Other Kingdom therefore, abode of gods, and ultimate refuge for Miss Beaumont through her metamorphosis into a tree, issues its challenge to integrity, to imagination, to character. Only to Ford, accused by Harcourt of abducting Miss Beaumont, is the ultimate truth revealed: that she has escaped "absolutely, for ever and ever, as long as there are branches to shade men from the sun".
Thus, in three of the most typical of the collected stories, the unseen is dominant, precipitating events, revealing character. To the three should also be added a lesser fourth "The Curate's Friend", in which a clergyman is saved from his own superficiality by an encounter with a faun on a down in Wiltshire. In each story a supernatural event is, as it were, postulated. We are not being asked to believe in it, or even to "suspend our disbelief", but rather to go along with it whimsically, for the sake of argument. Actual supernatural happenings—visions, the appearance of ghosts, hallucinations—are a part of human experience and acceptable as such in literature, but the occurrences in the four stories we have touched on are not of this order. Their whimsicality is most evident in "The Celestial Omnibus" where the seen and the unseen are so irrationally combined, that Mr Bons's fall from the celestial height to which the omnibus has transported him, becomes a literal fall through space and his body is found later in a "shockingly mutilated condition in the vicinity of the Bermondsey gas works". Such irrationality is of course intentional, part of the joke. As Mr Forster has himself confessed elsewhere,
I like that idea of fantasy, of muddling up the actual and the impossible until the reader isn't sure which is which, and I have sometimes tried to do it when writing myself. ["A Book That Influenced Me," Two Cheers for Democracy, 1951.]
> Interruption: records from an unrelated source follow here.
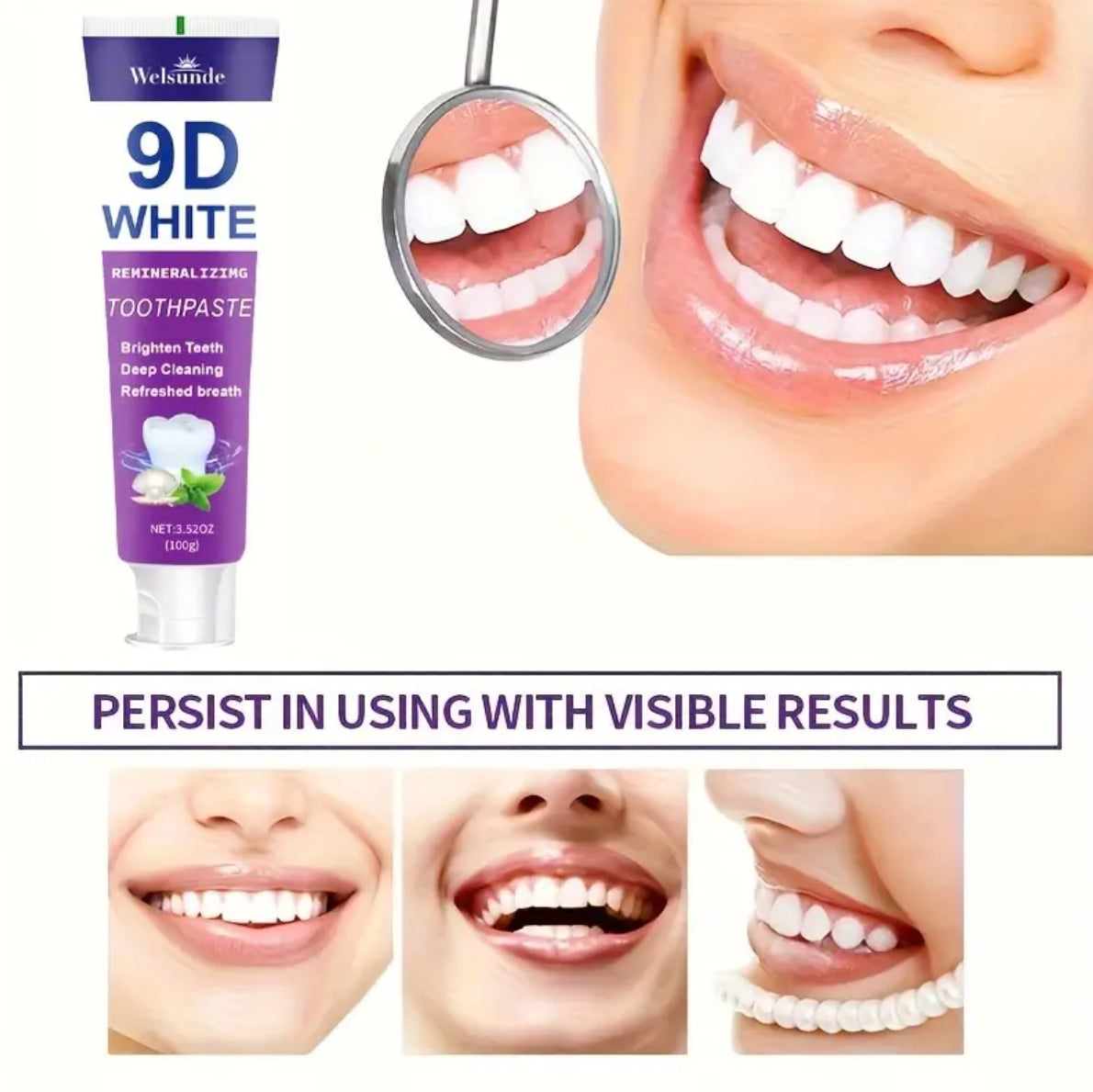 9D White Toothpaste for Deep Cleaning & Brighter Smile, Purple Hydroxyapatite Toothpaste - European Formula with Minty Fresh Breath, Gentle on Gums, Travel-Size 100g/3.52oz, Ideal Oral Hygiene Gift for Women & Men, suitable for everyday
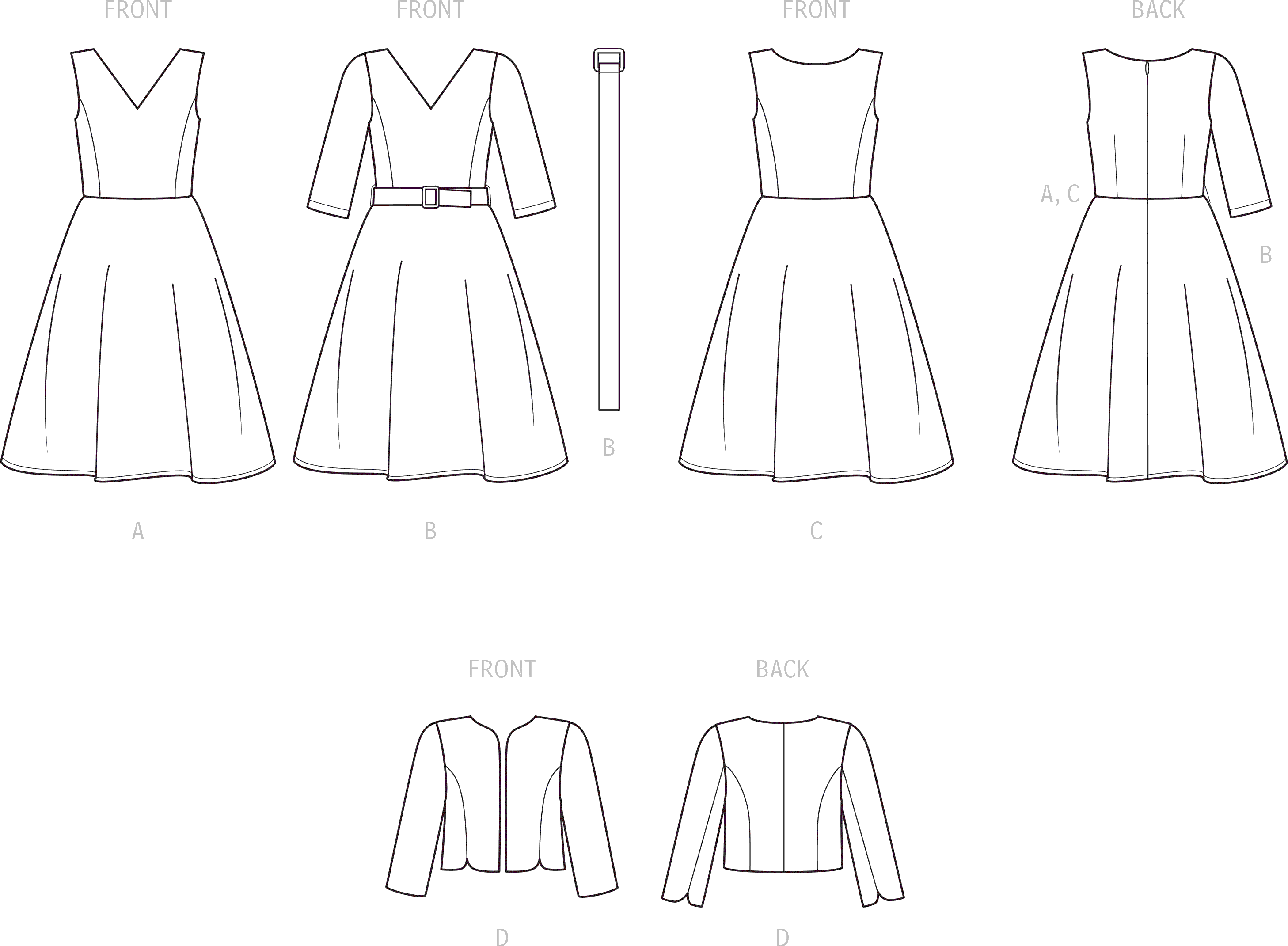 Simplicity Sewing Pattern S9474 Womens Dresses and Jacket 9474 Line Art From Patternsandplains.com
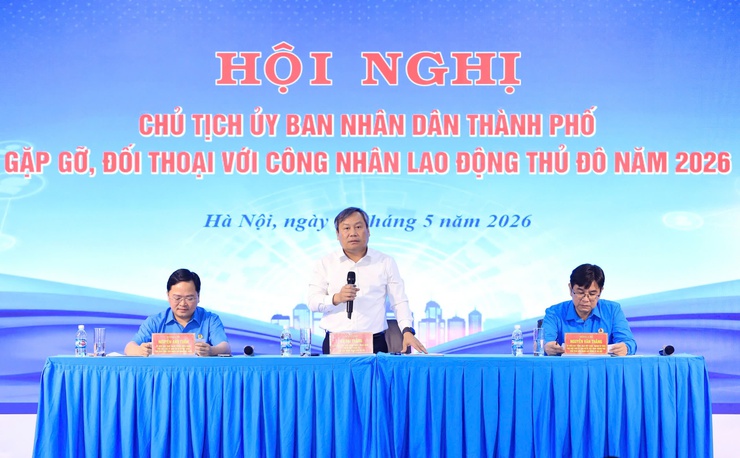 Chủ tịch UBND Thành phố Vũ Đại Thắng gặp gỡ, đối thoại với công nhân lao động Thủ đô năm 2026- Ảnh 5.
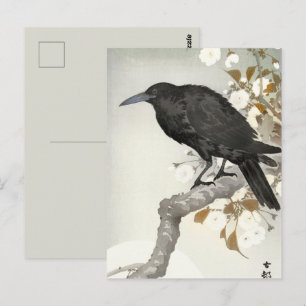 Postal Cuervo Cuervo Japonés Koson Pájaro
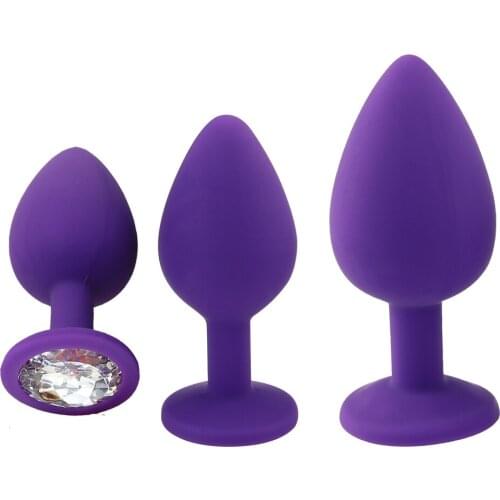 3Pcs/set Silicone Anal Butt Plug Unisex Dilator Jeweled Trainer Sex Stopper For Couples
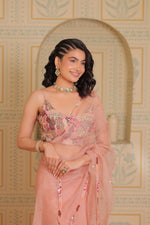 Blush pink drape saree with blouse (potli seperately priced)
What counts, in other words, in the stories, is not the impossible events but the reactions of the characters to them. These, assessed with an almost mathematical exactitude in terms of their sensitivity or insensitivity to a spiritual challenge, stand before us with an extraordinary vividness and reality. The method of assessment, the provision however whimsically of a spiritual touchstone, clearly justifies itself in the field of characterisation.
Next of the tales to be considered are those in which the unseen continues to be manifest, but less incongruously, less openly in defiance of our daily experience. In "The Point Of It" the seen and the unseen are kept conventionally apart, as we follow Michael first through a summary of his earthly career and then, fancifully, through a series of after-death experiences. The after-life, presented somewhat satirically in Christian terms, is also the setting for "Mr Andrews". In "Coordination" the seen and the unseen are once more blended, but humorously, with the shades of Napoleon and Beethoven comically and uncomprehendingly presiding over the curriculum of a girls' school. After death experiences also feature to some extent in the purely allegorical "The Other Side of the Hedge", where the dusty highway of life is fenced in by brown crackling hedges through which, nevertheless, one can force one's way at will into the pastoral paradise beyond. The dead, it is made clear, belong in this paradise, but the living also may penetrate to it, substitute its spiritual values for those obtaining along the dusty road. It cannot be said in any of these fantasies that the nature of man's after-death experience is being at all seriously postulated; at the most, humorously or allegorically, some aspects of what that experience may turn out to be are being speculated upon. However, preoccupation with the unseen is still there, basic to all four stories.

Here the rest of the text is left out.